Well last episode Big Love came and gone last night and Im quite upset how tehy left things. Bill is really starting to erk me with all his BS..poor whats his name (partner in Home Plus) guy taking the fall for Bill being a polygamast, then only to out themselves after the election?? I believe the family is falling apart and Barb seems as if shes about to pop! I dont blame her! Nikki is going threw all kinds of crap..self idenity maybe? but I have to admit i like her and I love her house..her bedroom is beautiful. Iv been looking for a bedroom suit kinda like hers with no luck. Anyways, Marge, she is embarassed about coming out..I dont blame her in a way, she has a good business going and shes young and dying for some attention. I believe that man she married (Annas man) kinda has the hots for her and she may be having some urges to act upon..I think he's totally HOT btw. That scene were him and Bill was playing tether ball was hilarious..alot of testostorone flying around. I think alot of sh** is gona hit the fan next season and I cant waite to see it happen. It suks there was only 9 episodes this season. I dont care for Nikki's ex he is one creepy dude! Cant waite for new season. BTW, True Bloods new season starts in June...YAY!!!


----------



## leslie (Mar 8, 2010)

Has anyone heard about season 5 going to be the last season for Big Love? I read that on the Facebook fan page. I hope it's not. I love this show!

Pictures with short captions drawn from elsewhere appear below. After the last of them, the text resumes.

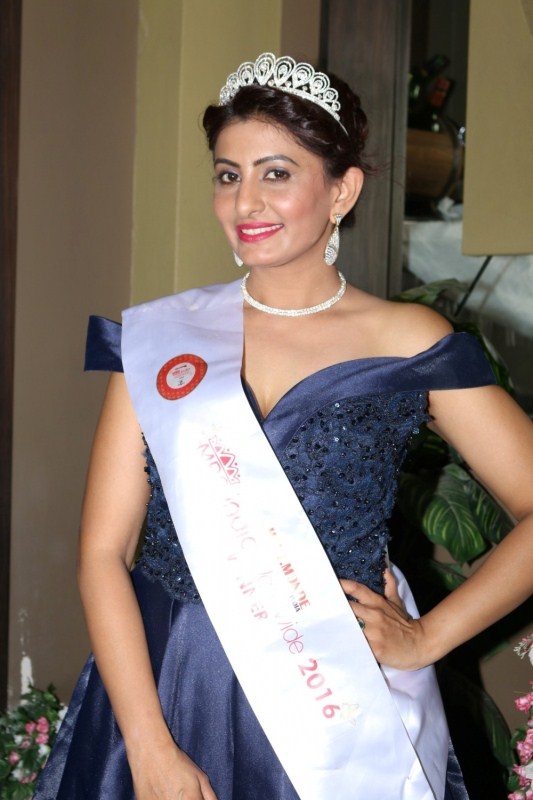 Mrs India 2016 winner Poonam Shinde latest pictures - Photos,Images ...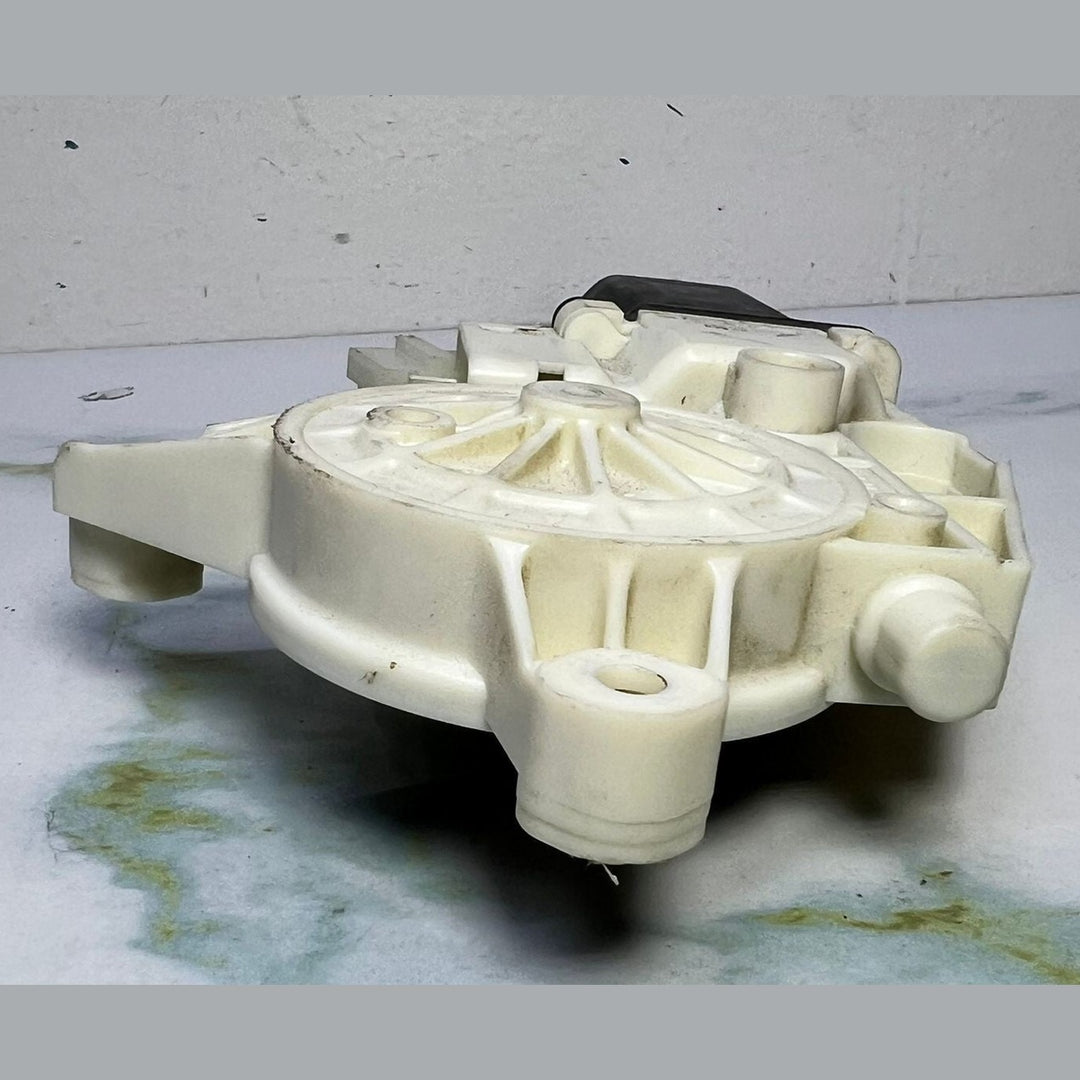 13-18 Mercedes-Benz W246 B-Class CLA Window Motor Front Right Side A246 9065200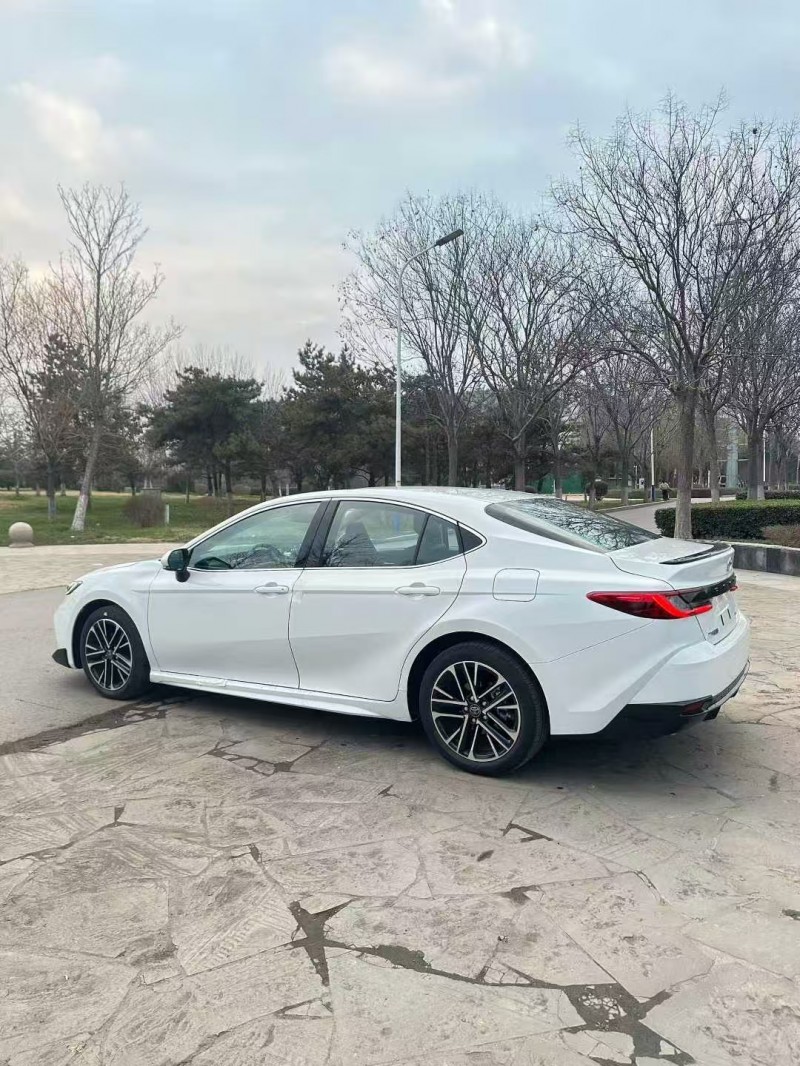 菏泽25年丰田凯美瑞7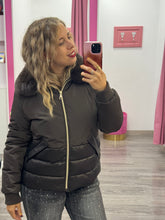 Carica l'immagine nel visualizzatore di Gallery, Piumino bimaterico con ecopelle - abbigliamento - Artigli
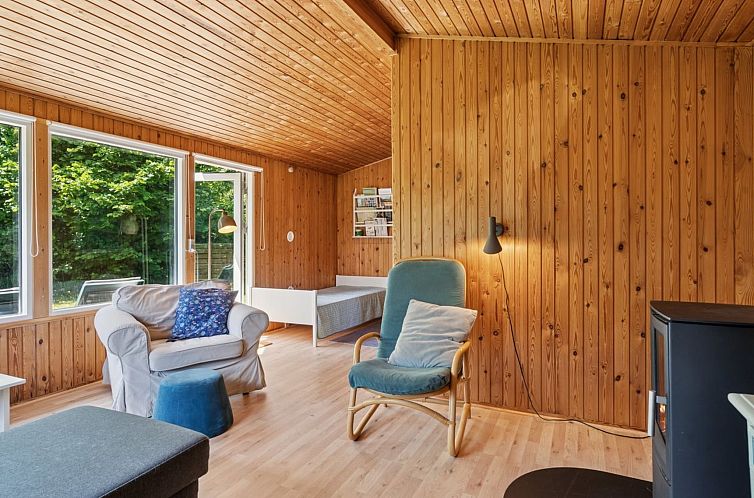 Vakantiehuis "Aukusti" - 375m from the sea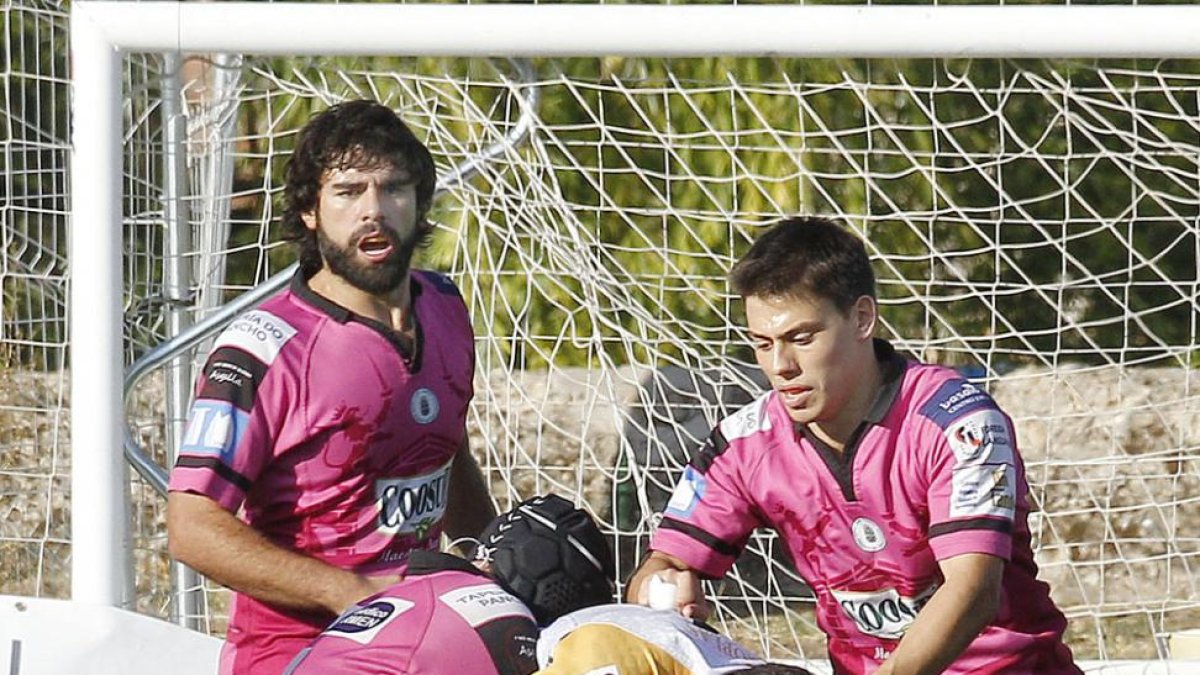 La defensa del Orense frena el avance del burgalés RubénDomínguez, ayer, en San Amaro.-SANTI OTERO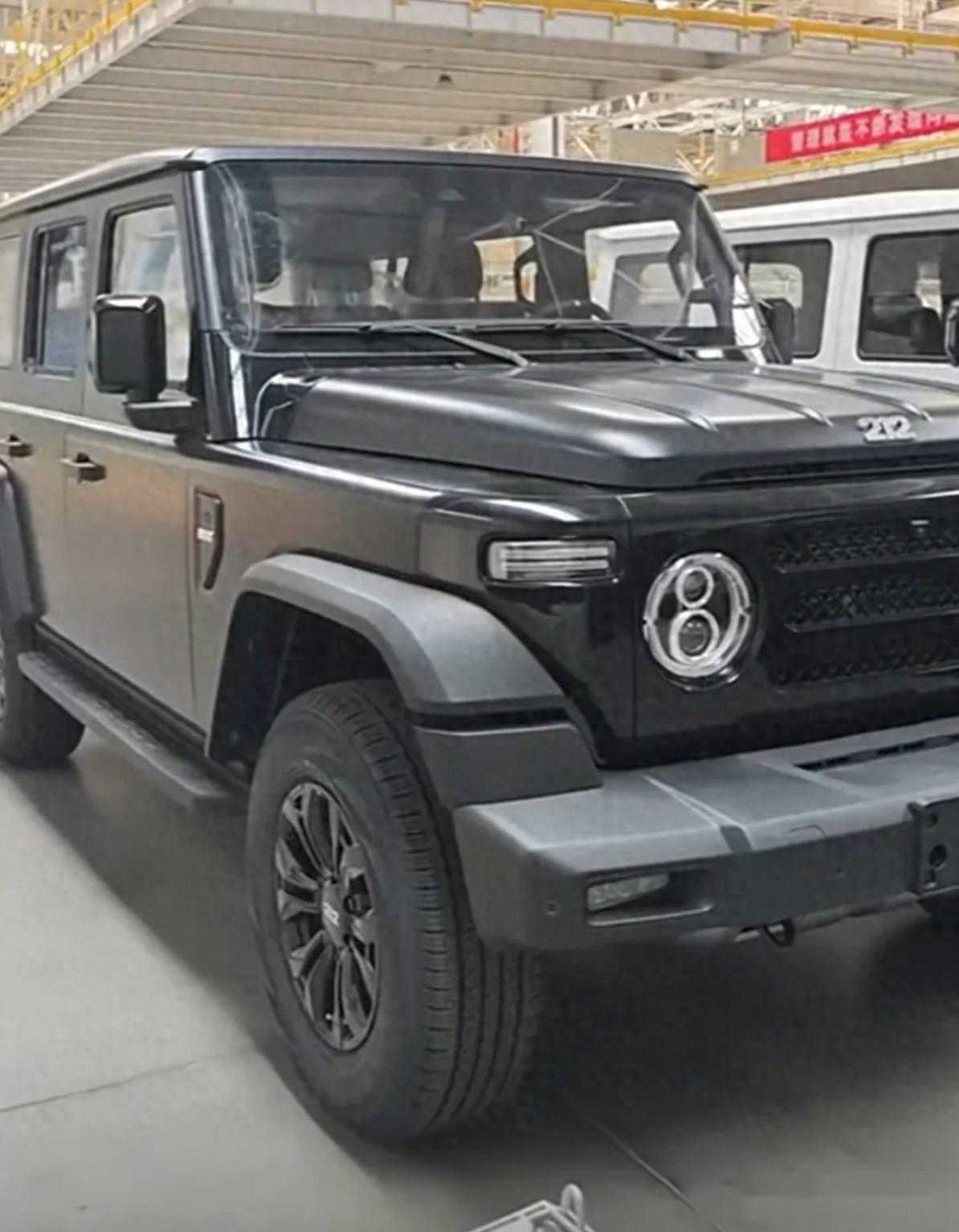 新車|年底上市/現款售價9.99萬元起北汽制造新212亞光黑實車曝光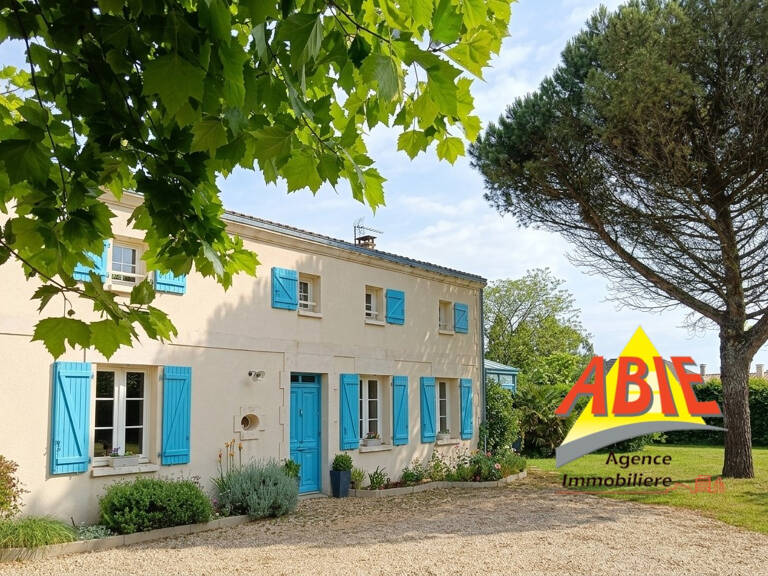 Échiré   Maison familiale avec grand jardin arboré sans vis- — photo 1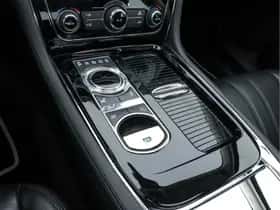 Jaguar XJ (2015) thumbnail 14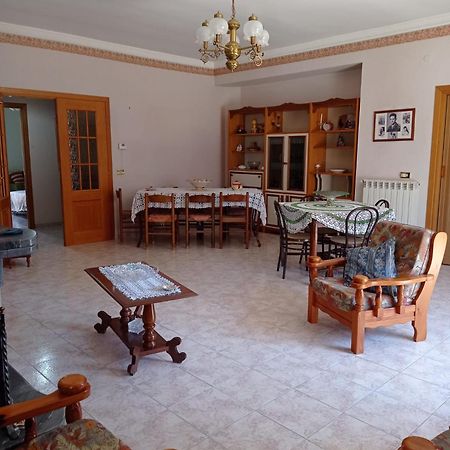 Montagne Rocciose Bed and Breakfast Frascineto Eksteriør billede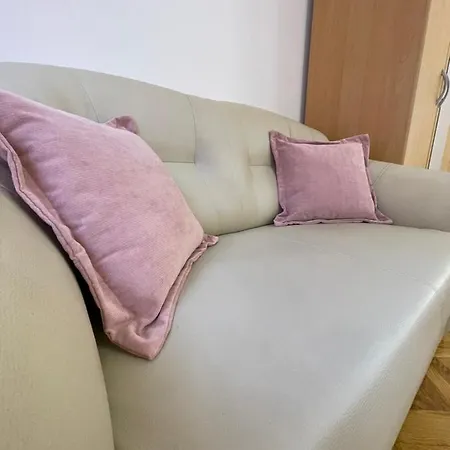 Ivan Apartman
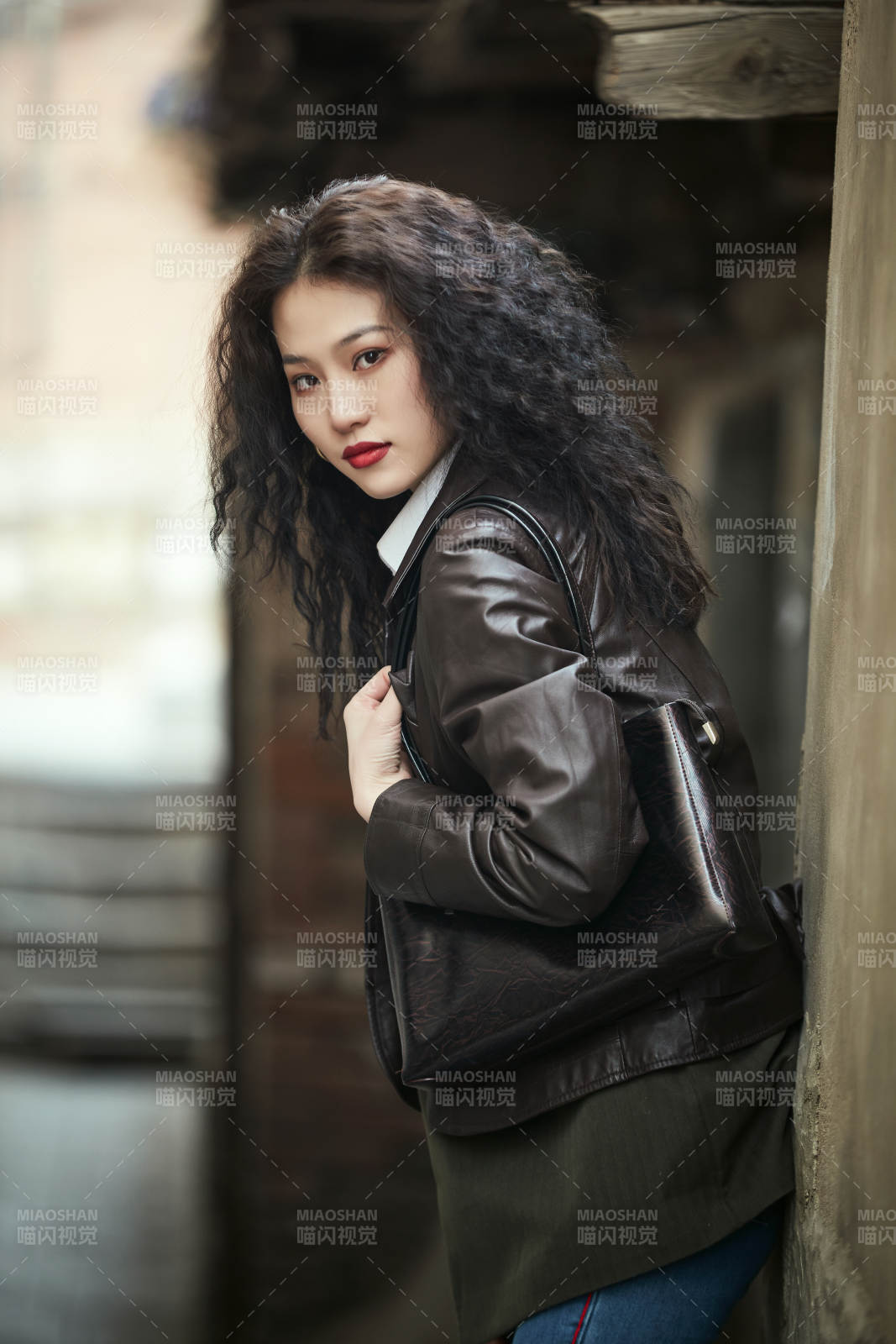 老旧城区里穿着复古港风的美丽清纯少女图片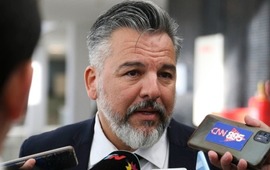 N&eacute;stor Antenucci habl&oacute; con la prensa tras la primera audiencia en el caso del Viejo Cantero. (Alan Monz&oacute;n/Rosario3)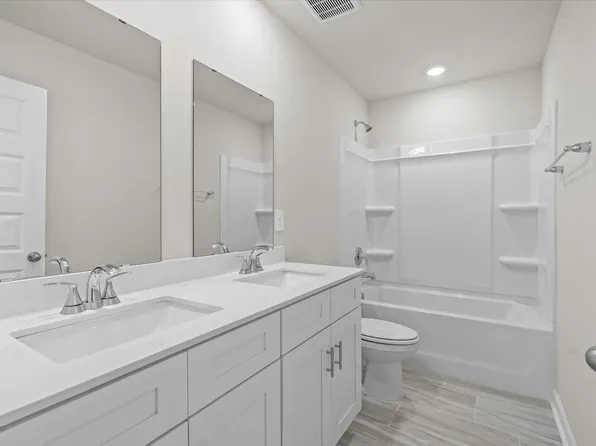 107 Gibbon Way, Gray Court, SC 29645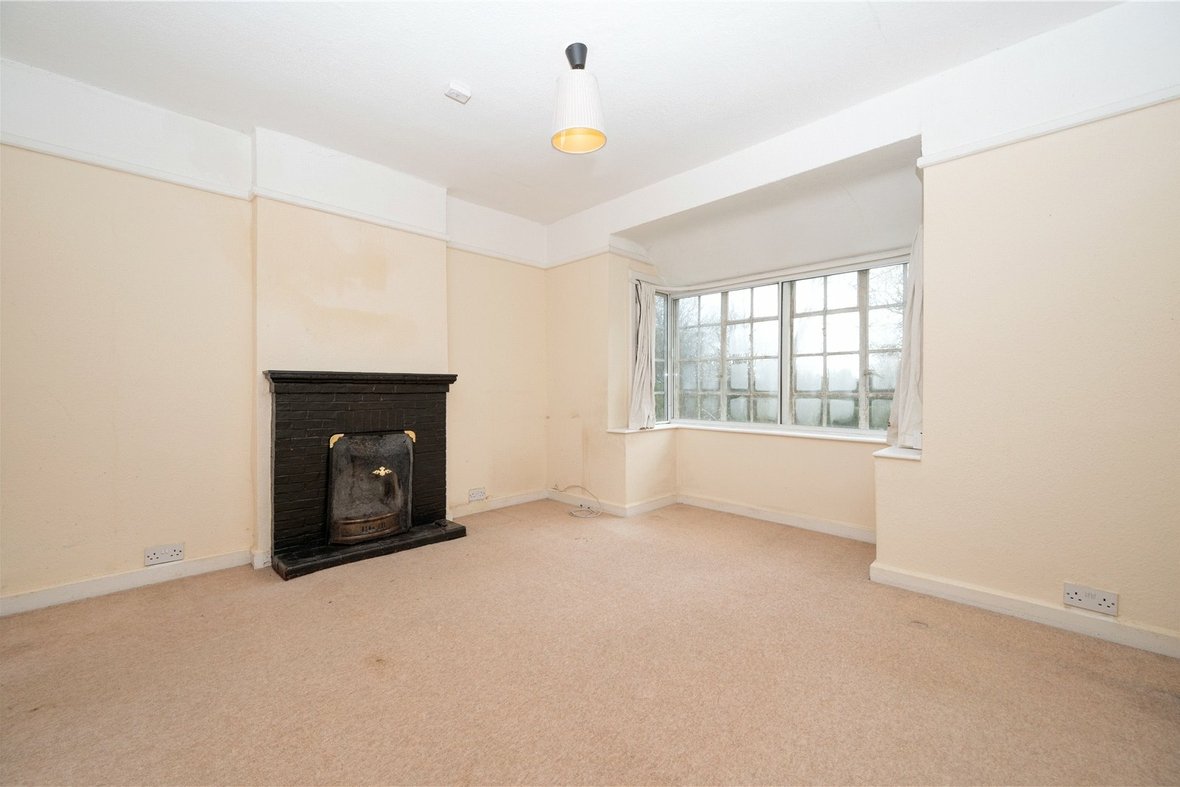 2 Bedroom Bungalow Let AgreedBungalow Let Agreed in River Hill, Flamstead, St. Albans - View 3 - Collinson Hall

Anyways, last night's episode, from what I read and saw of the recap on HBO.com, seemed so good. If I were Barb, I would of left him along time ago. And I loved how she told him how she needed him for 20 years, but not any more. I really think she deserves to be happy. But why do you think she went up there with him at the end? And the look on Margene's face when she was up there. She didn't look too happy. Especially since she's "married" to Anna's man. She could go to jail for the false marriage.  

I can't believe he outed himself. Isn't it illegal to be a polygamist? I think next season, he's going to be asked to step down.

How long do we have to wait till season 5?


----------



## abbyquack (Mar 8, 2010)

I know, I thought it was kinda b.s. that he campaigned for so long under a certain pretense and then he's like "surprise! I'm not who you think I am!"-- isn't that a bit shady? Can he be impeached for that? He should've either been open about it the whole time, or still kept it quiet after the race. Though I do think that in real life, it would be kind of hard to go for _that_ long without anyone finding out. 
	

	
	
		
		

		
		
	


	




 I mean honestly, he's got neighbors, people on the compound, casino employees, Don and his family, the bishop who ex'd Barb, and NO ONE tipped off the press that he was a polygamist? 

As for the wives, they certainly left me wondering! It looks like Marge's marriage to Gorin (or whatever his name is) might be taking on a life of its own, and Barb- well, I thought she was out of the family, but then she got on stage- was it one of those things where she felt obligated (like when someone proposes to you, you feel obligated to say yes even if you're not sure, haha), or is she going to hang on longer?? I find it hard to believe that she'd be leaving the show- what fun would it be with one wife short? 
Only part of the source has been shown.